Level: Class AAA
League: International League (West)
Finish: 88-56 (Won West Division)
Playoffs: Won International League, AAA National Championship
POTY Feathers: OF Jerad Head and SP Jeanmar Gomez
Gomez: 10-7, 2.55 ERA, 21 GS, 137.2 IP, 49/107 BB/K, 1.25 WHIP
Like last year, when I gave feathers to Jose Constanza and Vinnie Pestano, I'm giving feathers to the two guys on the club that probably get the least credit. I mean, Gomez will get credit, but he was good. Like really good. He did not have a real bad split on his stat sheet. He was stellar in April, decent in May, solid in June, even better in July, and good in August. The Venezuelan was pretty good in addition to going 5-3 with the big league club.
Then you have the offensive guy in Jerad Head, who just gets overlooked year after year. He's always a reserve. He's someone who plays, but does not get talked about. It was "out of need" that he got a shot at the big leagues. Every level the guy has produced. Is he a major league caliber player? Probably not, but he plays well at the Triple-A level and he's a big reason the Clippers have been able to repeat.

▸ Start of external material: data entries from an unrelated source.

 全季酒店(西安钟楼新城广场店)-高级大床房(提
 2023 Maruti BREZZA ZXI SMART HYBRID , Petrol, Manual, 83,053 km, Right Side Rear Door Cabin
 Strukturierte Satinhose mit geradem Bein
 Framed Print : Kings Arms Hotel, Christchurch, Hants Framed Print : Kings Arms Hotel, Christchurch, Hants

He spent a good portion of his season in 2010 in Akron, then he moved on and was a big part of the postseason run for the Clippers. This year he was one of the guys from the start and while he was not a big part in the postseason like last year, he sure did help the Clippers get there.
Give some credit to these two. Who knows what their major league future is, but they sure can play some ball and they are a a reason the Clippers are back to back champs.

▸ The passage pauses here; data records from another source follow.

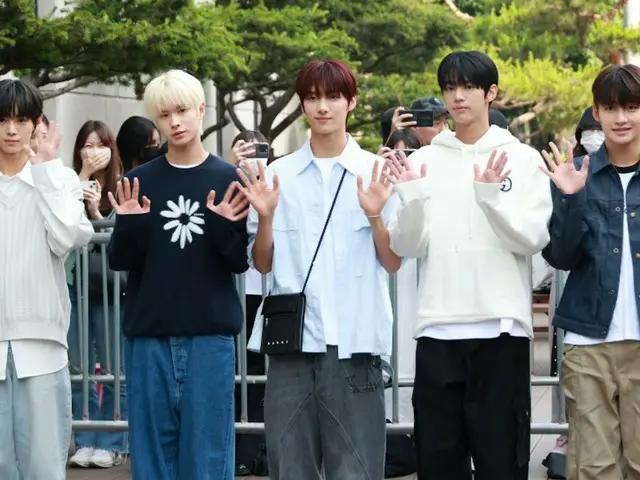 TWS pergi ke KBS untuk tampil di "MUSIC BANK".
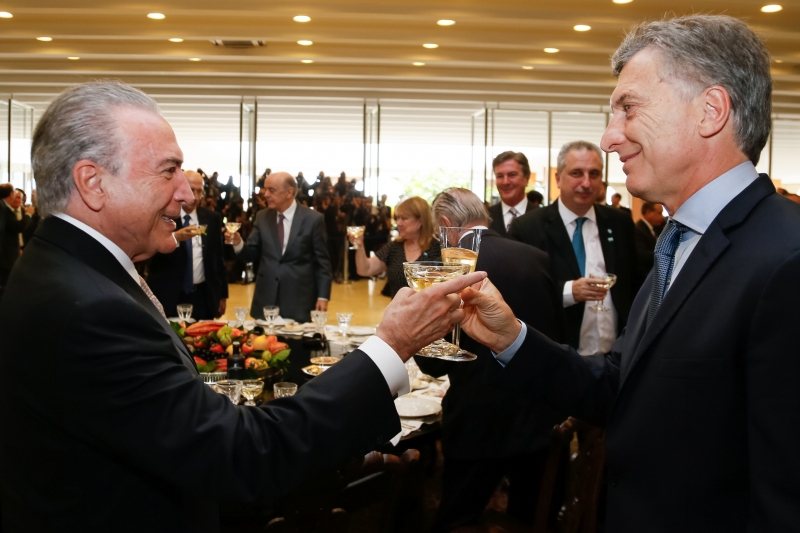 Temer e Macri brindam em almoço oferecido pelo presidente brasileiro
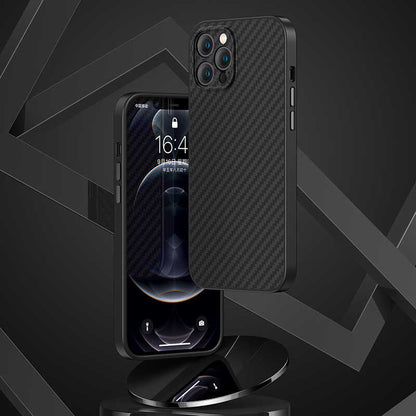 iPhone 12 Pro Max Kılıf Karbon Fiber Benks Hybrid Kevlar Kapak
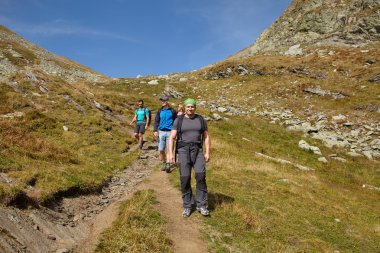 yürüyüşçüler dağlarda bir iz üzerinde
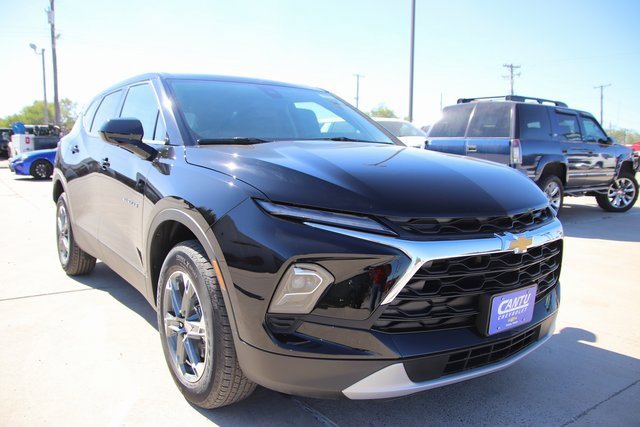 2025 Chevrolet Blazer 2LT photo 2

Mike Sarbaugh for President, right? Sarbaugh 2012? It would almost be a wonderful tragedy if Mike Sarbaugh ends up as the head guy of the Clippers in 2012, but it may just happen. Three in a row?
We'll save that talk for later. But can you say enough about the job he's been doing in this organization? He's winning titles every year. There must be something about him and the way he commands a dugout. It's special. This group wasn't nowhere near as talented as the bunch he had in 2010 and not only did he take the team back to the playoffs and to the title game, this Clipper team dominated from start to finish and won their division by a large margin.
And then to be constantly disrupted by calling up players to the Cleveland team due to injuries and what not, it was just an added hurdle he had to guide his team over and he did it.
Now, let's not shower Sarbaugh with all the compliments, the team does deserve credit for actually going out and performing. This was a historic year, because the Clippers would go on some serious runs this season, ones that almost made you wonder if they were ever going to lose another game.
Then they got to the playoffs and they just did it again. It did not matter who or how, it just happened. Sweep Durham, dropped one to Lehigh Valley, and then of course a win over Omaha to win back to back National Titles.
Three in a row, let's do it.
You are looking at another rotation with some strong individuals. Once again being in a position to hold the depth to Cleveland, the rotation started out the season with some key players such as David Huff, Jeanmar Gomez, Zach McAllister, and Corey Kluber. The bullpen also was set to have some arms such as Josh Judy, Zach Putnam and Jess Todd. Of course some of those plans worked out, some didn't. But the Clippers won.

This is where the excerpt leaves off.